C’était sans juger de la crise économique et financière qui frappe le monde, et plus particulièrement la France, depuis 2007.
C’est ce qui a conduit le ministre des transports, Frédéric Cuvillier, à installer fin 2012 la Commission Mobilité 21 pour déconstruire le Schéma National d’Infrastructures de Transports (SNIT), vaste énumération d’infrastructures routières, ferroviaires, fluviales estimées à 245 milliards d’euros mais sans aucune source de financement actée.
Des conclusions de la Commission Mobilité 21 le gouvernement, dés juillet 2013, ne retint pour les LGV que la LGV Bordeaux-Toulouse, et encore avec l’application du scénario n°2 qui entraîne au global une mise de fond par l’Etat de 30 milliards d’euros qui ne sont à ce jour toujours pas budgétés.
Depuis l’été 2013, et sous l’aiguillon d’un lobbying effréné des grands élus (Rousset, Malvy, Madrelle, Juppé…), le ministre socialiste des transports se prend à promettre bien au-delà, une fois de plus comme certains de ses prédécesseurs, sans indiquer comment et où il trouvera le financement de ses promesses : c’est en octobre la branche Bordeaux-Dax (mixte voyageurs/fret !) pour le GPSO, c’est en décembre l’étude de la LGV Montpellier-Perpignan (mixte voyageurs/fret !)…
On peut sourire des piques d’A. Rousset aux propositions d’aménagement des lignes existantes pour tous trafics au fallacieux prétexte qu’il serait impossible d’y faire rouler TGV et trains de marchandises.
Alors aujourd’hui que nous dit RFF ?
Il donne des prévisions de mise en service : « La première phase comprend les lignes nouvelles Bordeaux-Toulouse et Bordeaux-Dax, avec l’objectif d’une mise en service jusqu’à Toulouse en 2024 et jusqu’à Dax en 2027 » et « La seconde phase est constituée de la ligne nouvelle entre Dax et la frontière franco-espagnole, avec l’objectif d’une mise en service au plus tard en 2032 » sans insister que, pour cette dernière, le ministre des transports prévoit (cf. communiqué du 23 octobre 2013) d’attendre un approfondissement des études avant d’envisager la mise en enquête d’utilité publique.
Si Frédéric Cuvillier évoque un coût prévisionnel de 5,9 + 3,2 = 9,1 milliards d’euros pour la première phase (Bordeaux-Toulouse et Bordeaux-Dax), il ne dit rien de Dax-frontière espagnole.
Or les estimations découlant des données RFF[A] montrent que le coût des LGV pour cette première phase serait d’environ 30 millions/km ; on peut se douter que la géographie particulière du Pays Basque, et les ouvrages d’art qui seront nécessaires pour y construire une LGV, feront gripper ce coût bien au-delà des 30 millions d’euros/km.
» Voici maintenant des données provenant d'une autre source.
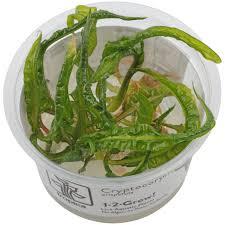 Attēlu rezultāti vaicājumam “Cribraria costata macro”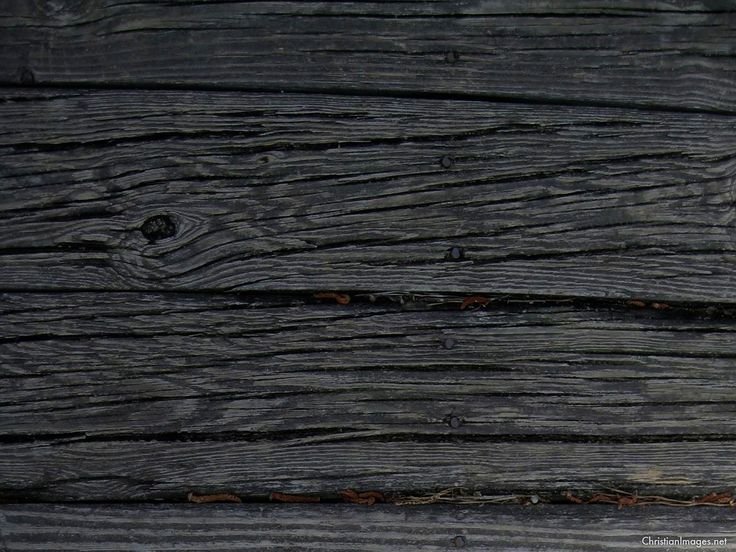 Черное дерево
Se pose donc dés aujourd’hui la problématique du financement de ces deux phases qui devraient, selon nous, dépasser 15 milliards à l’horizon 2025-2030.
Cela est déjà pointé en creux par l’information transcrite en quelques mots dans la Lettre n°16 : « Novembre 2013 : l’Etat a sollicité l’avis de l’Autorité Environnementale du CGEDD sur l’étude d’impact commune aux trois enquêtes publiques ».
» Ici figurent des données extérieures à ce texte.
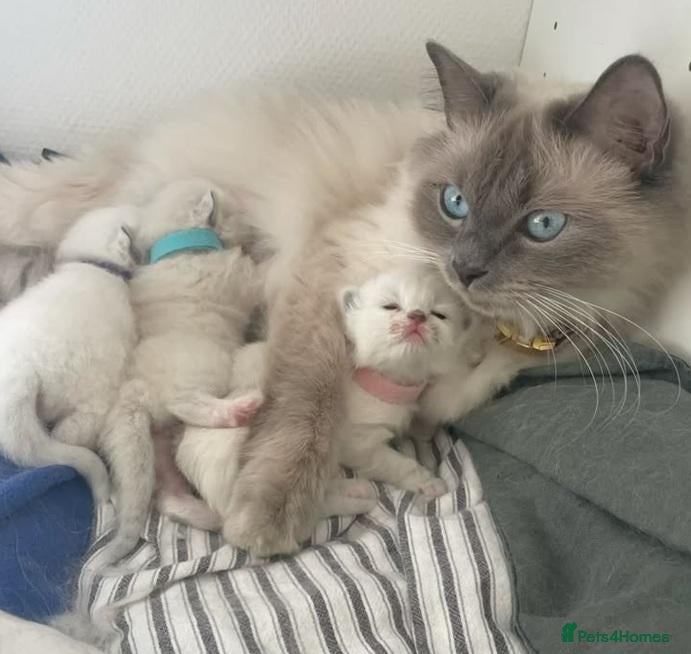 Ragdoll cats Fluffy Little Treasures Ready to Bring Joy to You - Advert 4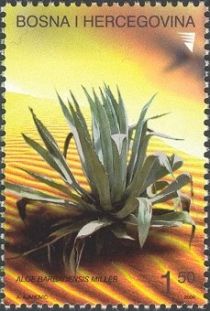 Flora - Cactus - Aloe barbadensis Miller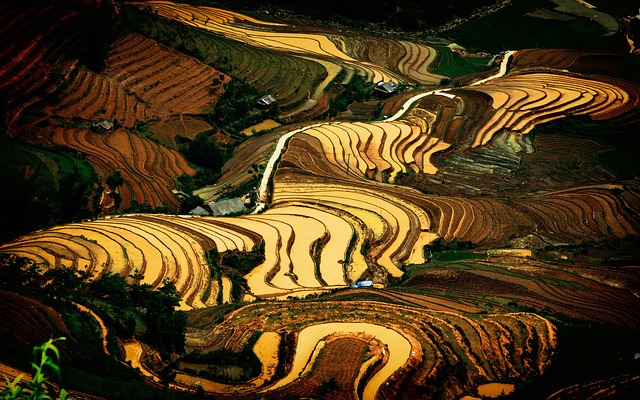 穆仓斋越南山米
Il faut savoir que l’Autorité Environnementale a rendu son avis et que cela a déclenché l’application du décret n° 2013-1211 du 23 décembre 2013 qui oblige à une évaluation des investissements publics par le Commissariat Général à l’Investissement.
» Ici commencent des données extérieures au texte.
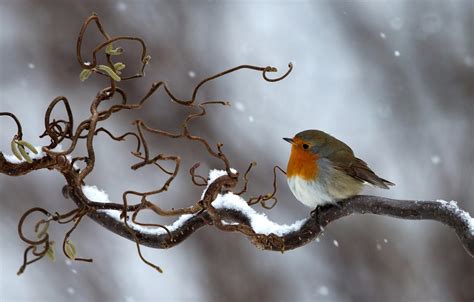 Wallpaper Winter Snow Bird Branch Images For Desktop Section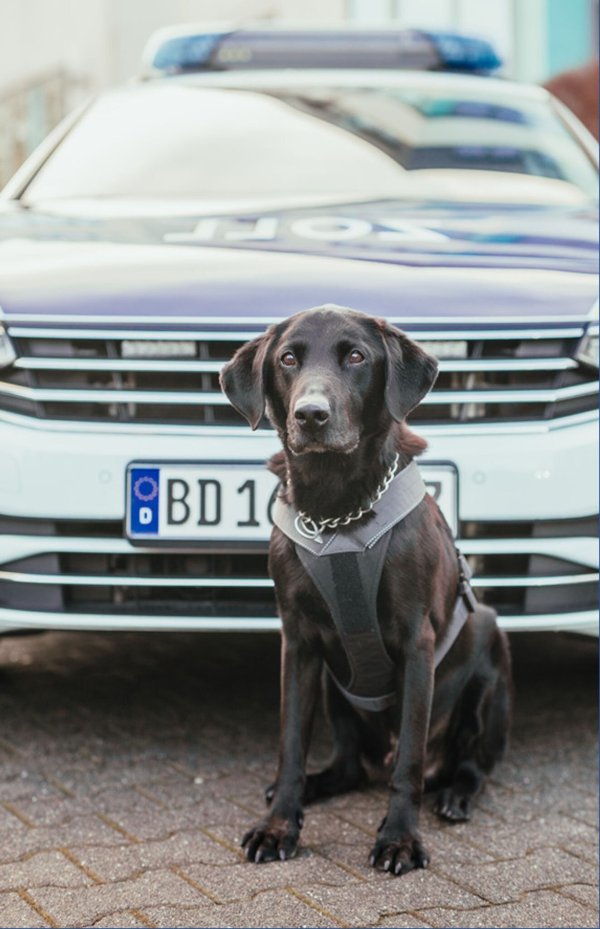 Zollhund Elvis steht vor einem Einsatzwagen des Zolls. - © ---/Hauptzollamt Bielefeld/dpa/Archivbild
Cette évaluation qui devrait être rendue publique à l’été 2014, sous forme de contre expertise indépendante préalable à l’EUP, sera à notre sens décisive pour quantifier la réelle rentabilité du GPSO et sa prétendue « utilité publique ».
Elle devrait influer grandement sur le volet socioéconomique de l’EUP prévue au deuxième semestre 2014[B] et servir de base aux discussions et décisions des autorités appelées au financement du GPSO (Etat, RFF, collectivités territoriales…).
Cela est d’autant plus critique que ce tour de table financier n’intervient, selon les propres informations du calendrier GPSO donné dans la Lettre d’Information RFF n°16, qu’à partir de 2016, après la Déclaration d’Utilité Publique (DUP), et… en plein dans la campagne présidentielle de 2017 !
Gageons que les avis du Commissariat à l’Investissement Public d’une part, les conjonctures économiques et politiques qui s’annoncent d’ici 2017 d’autre part, sauront apporter aux décideurs toute la mesure de la réelle utilité publique en matière de transport ferroviaire pour les décennies à venir.
D’ici là restons bien éveillés et attentifs sur ce dossier GPSO qui engagerait notre avenir et celui de nos enfants.
Pour LGVEA
Le Président Jean-Robert Thomas 17 mars 2014
[A] Source : chiffres extraits du dossier de présentation étape 2 GPSO élaboré
par RFF en janvier 2012.
[B] On ne peut s’attendre, comme espéré par RFF, à une EUP avant août 2014 compte tenu des délais d’instruction de la contre expertise menée par le Commissariat à l’Investissement Public (4 à 5 mois)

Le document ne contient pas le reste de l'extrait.